Geegeela Conservation Park is a protected area in the Australian state of South Australia located in the state's south-east in the gazetted locality of Bangham about 277 km north-west of the state capital of Adelaide and about 12 km north-west of the town centre in Frances.

The conservation park occupies land in sections 22 and 25 of the cadastral unit of the Hundred of Geegeela which is located to the west of the Bordertown-Frances Road. The land was purchased with assistance of the Australian Government's Natural Heritage Trust and was proclaimed on 21 July 2005 as a conservation park under the National Parks and Wildlife Act 1972. The name which was approved by the Surveyor General of South Australia in 2003 is derived from both the Hundred of Geegeela and “Geegeela Old Station” which is the name of the original homestead. As of 2018, it covered an area of 8.58 km2.
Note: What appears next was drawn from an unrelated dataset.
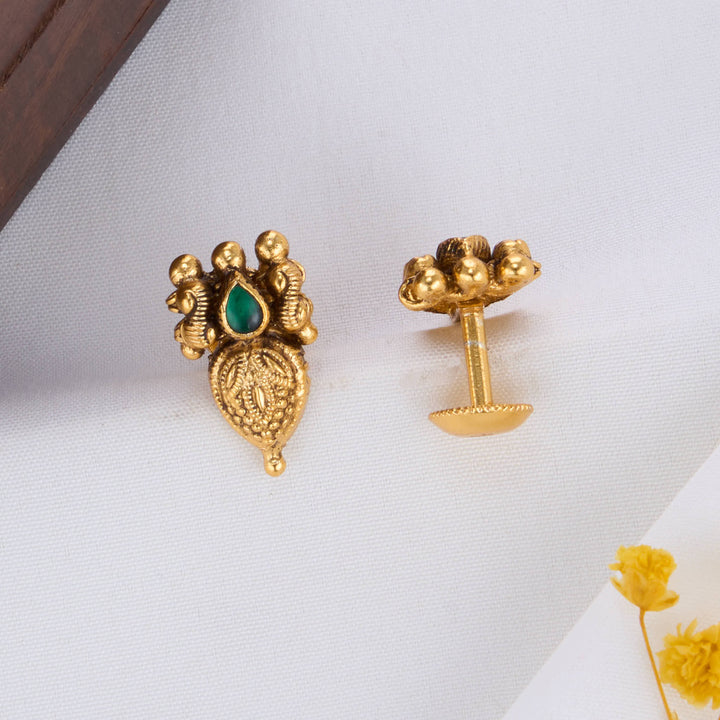 Janvikha Nagas Studs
Land occupied by the conservation park was previously used both for agricultural and conservation purposes. During the 1960, an area of about 200 ha in the conservation park's south-western corner was cleared and established as a pasture of native grasses which was grazed "for a number of years". About 1970, cultivation of an area of about 70 ha was attempted "reputedly with limited success". Agricultural activity ceased with the cleared land being allowed to regenerate. The land subsequently acquired status in 1986 as a “private Heritage Agreement area” under then Native Vegetation Management Act 1985. In the early 1990s, the land changed ownership with the incoming owners deciding to retain it as a "private conservation area". A parcel of land consisting of land now in the conservation park and some land to the immediate west was proclaimed as a “sanctuary” under the National Parks and Wildlife Act 1972 on 20 August 1992, thereby renewing a status that existed briefly during the early 1970s.

In 2005, vegetation within the conservation park was observed as consisting principally of desert banksia heath, blue gum/pink gum open woodlands, and open woodlands and wetlands of brown stringybark with ‘’small patches of woodland dominated by’’ rough-barked manna gum, river red gum and buloke.

In 2005, fauna observed within the conservation park was reported as including five mammal species and 90 native avifauna species all with "state conservation significance". One species, the south-eastern red-tailed black cockatoo, is also listed under the Environment Protection and Biodiversity Conservation Act 1999 as a nationally endangered species.

In 2005, the level of visitation was described as follows - "few visitors come to the park at present." At the time, no facilities had been provided for visitors.

The conservation park is classified as an IUCN Category III protected area.